This new manifestation of little married life didn’t stay dull for long, either.

Not long after, Ray came to town, looking for more adventure than she had found in Houston. She immediately renewed the old friendship.

She and her boyfriend were at the Thackers’ on Pro Bowl Sunday, 1985, the day the Scandals were conceived.

It happened when the women came in while the men were watching the game and Sturdivant asked, “What would they do?”

“My husband says to me--here he is, he’s blending margaritas--and he says, ‘How would you know what they did anyway? Women don’t play football,’ ” meaning, of course, that those who haven’t actually played a sport can never hope to understand it.

She, of course, snapped back that women could play football if they were ever given a chance.

“He just rolled over with laughter,” Sturdivant said. “It was hilarious. He said, ‘Women can’t play football.’ ”

Sturdivant and Ray reacted the way women are expected to react to that kind of remark.

“We rolled out the Master Charge,” Sturdivant said.
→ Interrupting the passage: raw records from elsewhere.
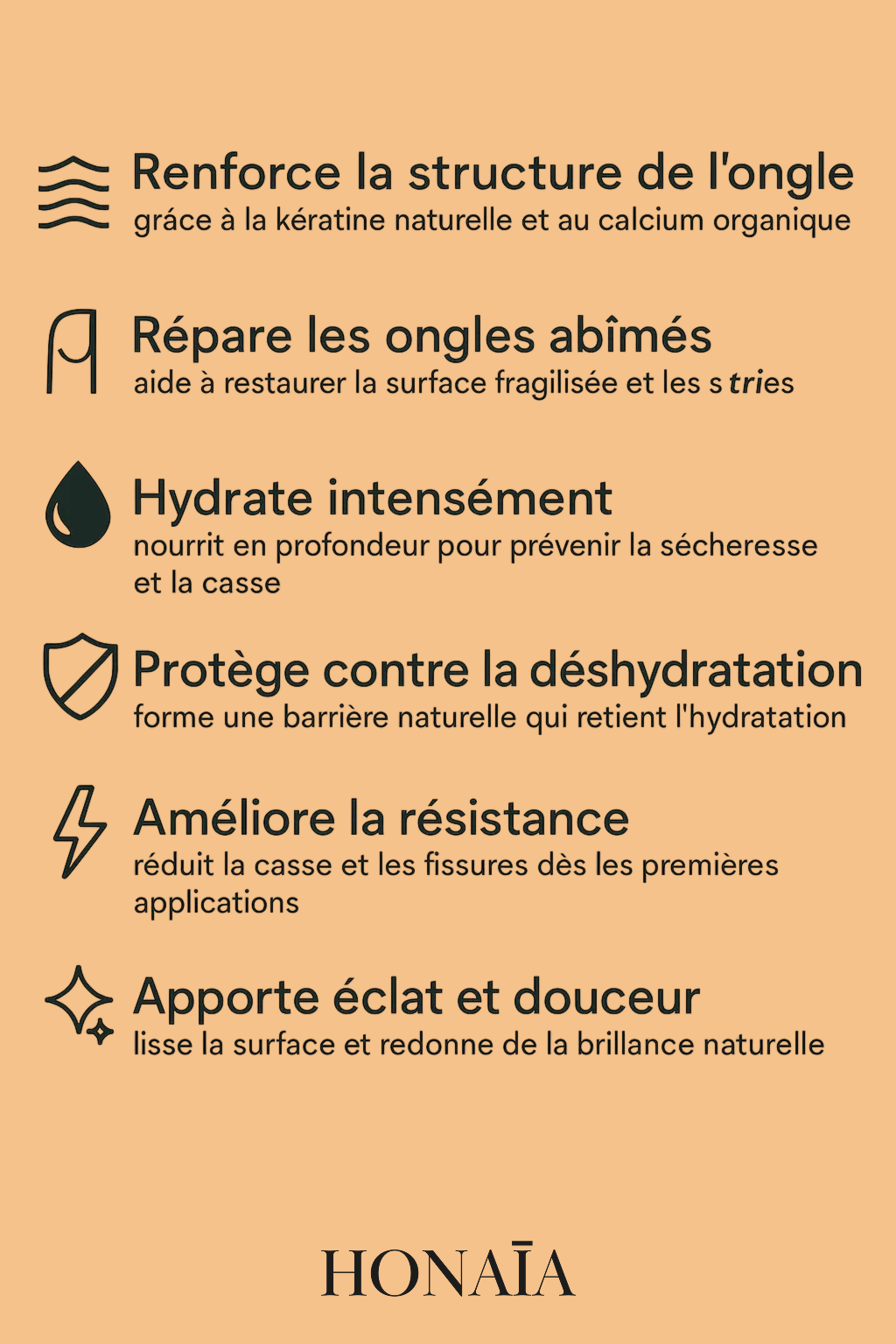 Sérum Ongles Repousse HONAÏA – Croissance & Réparation naturelle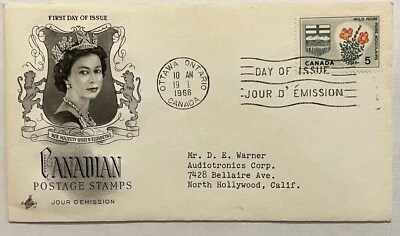 1966 OTTAWA ONTARIO CANADA FIRST DAY COVER FDC WITH QUEEN ELIZABETH II CACHET - Image 1 of 2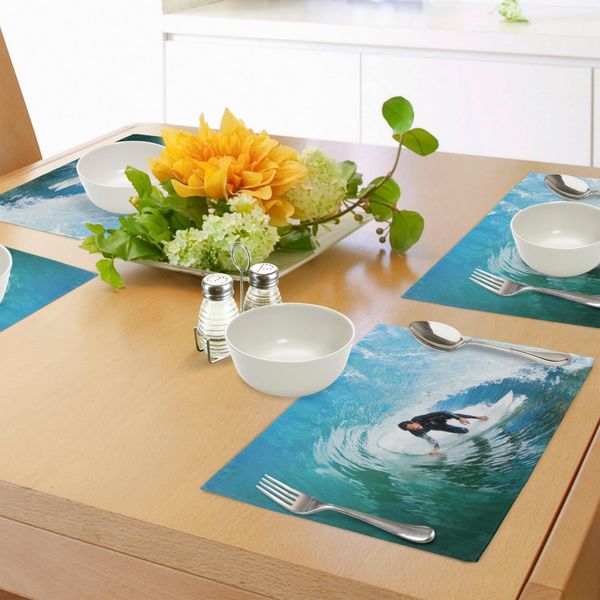 Abakuhaus Cavalca L'onda Tovagliette, Surfisti Nell'oceano Onda Avventura Adrenalina Energia Mare Sport Immagine, Tiscjdeco In Tessuto Resistente Ai Colori Per La Sala Da Pranzo E La Cucina, Azzurro Cielo Bianco-image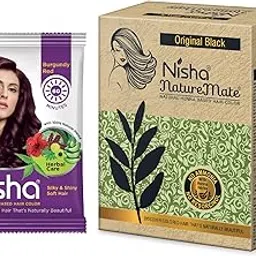 Nisha Hair Colour for Women Burgundy Hair Colour 15g Pack of 10 & Naturmate Heena-Based Hair Color 60g Original Black, 100% Grey Coverage, Henna, Silky, Strong & Shiny Hair-image-3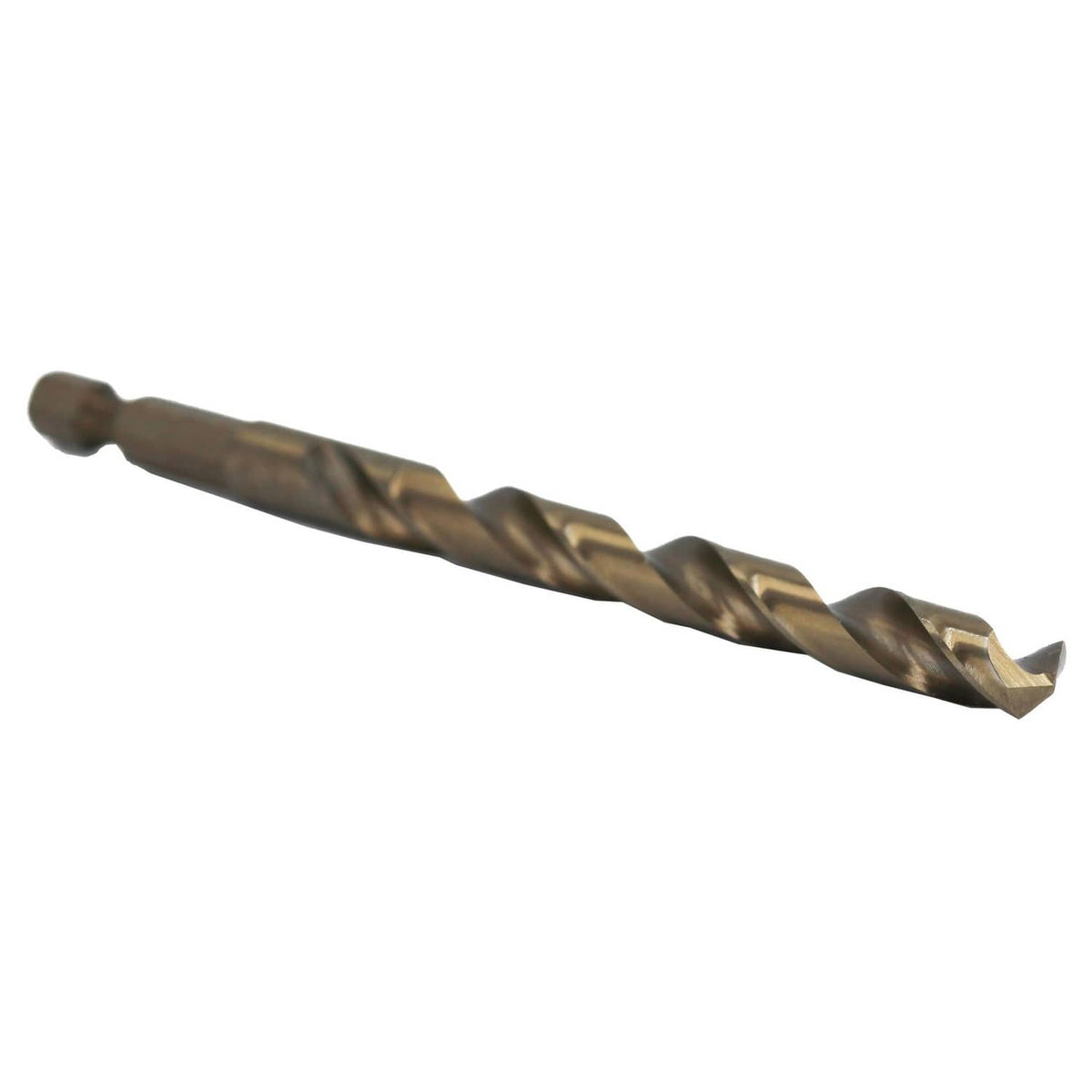 Cobalt drill bit with hex shank and spiral flutes, gold finish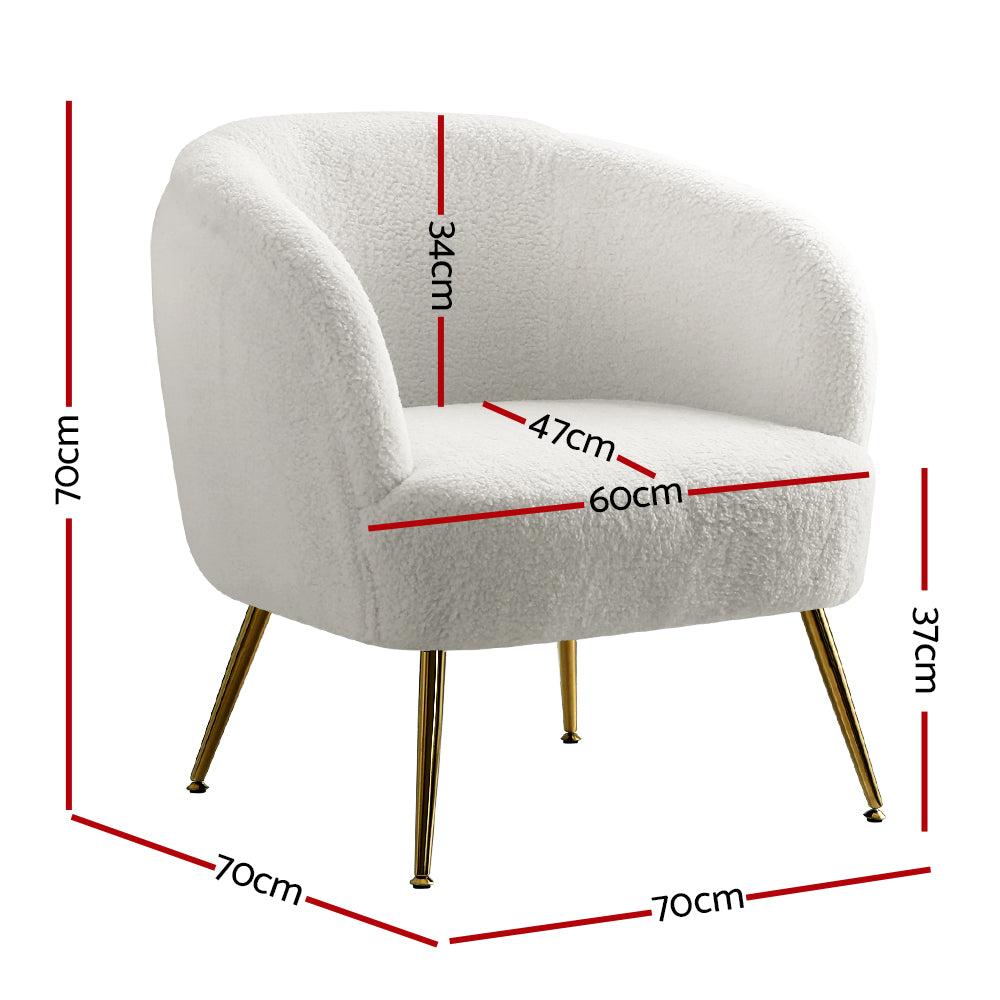 Ultra-Modern Curved Mid Back Sherpa Boucle Fabric Accent Armchair - White Homecoze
But not for a shopping spree.

They used it to buy a newspaper ad summoning any women who wanted to play tackle football.

They weren’t really thinking of starting a professional football team.

“We were just thinking of Sunday football games,” Ray said. “We weren’t emotionally prepared to deal with what we got.”

Many Inquiries

They got more than 120 calls.

Since then, they’ve been opening one door after another, they said. Behind a lot of them they found trouble.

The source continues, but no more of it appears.